Love that aeroplane John, who doesn't who has seen one fly?

I saw one fly when I was 14 yo and have never been so impressed since, except by Concorde


----------



## sssammm (Oct 7, 2003)

In 1980 i was offered a Vulcan complete for £3500, i had the space for it in a field

Transport was £100,000!!!!

What a pisser, i really wanted the thing badly

sam


----------



## pg tips (May 16, 2003)

Beautiful is such an emotive word. To look at, What it does, the way it does it?

Possibly for me it would be "the Mallard" The steam engine revolutionized the world and Mallard was the peak of steam locomotive technology. Apparently I saw it go flying past once but I was only a babe so I don't remember.










Just sheer beauty on wheels.


----------



## Stan (Aug 7, 2003)

Christ Sam,

Where was it coming from?
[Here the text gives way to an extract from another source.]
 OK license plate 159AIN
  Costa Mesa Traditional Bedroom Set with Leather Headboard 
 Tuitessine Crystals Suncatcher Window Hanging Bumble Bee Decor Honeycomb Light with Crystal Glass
Mars (topical)? :laugh:


----------



## MIKE (Feb 23, 2003)

Hi,

Can't argue with the above, but I will go with the M.V Augusta. Last time we had a similar topic I went with the Ferrari 250 GTO. The Italians have made some beautifull machines.

MIKE..


----------



## MarkF (Jul 5, 2003)

That MV is just gorgeous, my first love is motorbikes, planes, trains and planes are for the oldies :biggrin:

However my favourite bike changes from week to week, I change my bike more often than my undies, another reason why I'm so skint 

But my favourite car never changes, I want one so much, but it's twice as big as my garage :biggrin: The '59 was "the one" for me, The '58 was ugly and the '60 just plain, well plain, time had moved on and we'd never see anything like this again.


----------



## Sargon (Feb 24, 2003)

That IS pretty. Why were so few built?


----------



## Stan (Aug 7, 2003)

Mark,

That's very Arbib.

You'll need the right watch to go with it........ Hamilton Ventura.


----------



## Sargon (Feb 24, 2003)

Did he do that for sure or is it just Arbib-ish?


----------



## Stan (Aug 7, 2003)

Don't think he did this Ian, it just looks like he should have.









Bomb fins, just love Mr. Arbib.


----------



## Griff (Feb 23, 2003)

Concorde


----------



## Fred (Feb 23, 2003)

Foe me its the Steam Train, and there's nothing in that line more beautifull than the photo that Pgtips put up, the Mallard.

Mike, that MV is just gorgeous, would love a ride. fred.


----------



## Silver Hawk (Dec 2, 2003)

I got into watches via clocks...and I guess, for me at least, I prefer the visual appeal of clocks to watches...especially some of the very early ones:










The one above is the stunning Vallin carillon clock of 1598 from the British Museum...you can get up close to this clock and it's just superb. Bigger that it looks in this photo...it's about 2 feet tall.

17th century English Lantern clocks are another favourite; I even own one...but that's another story.

Cheers

Paul


----------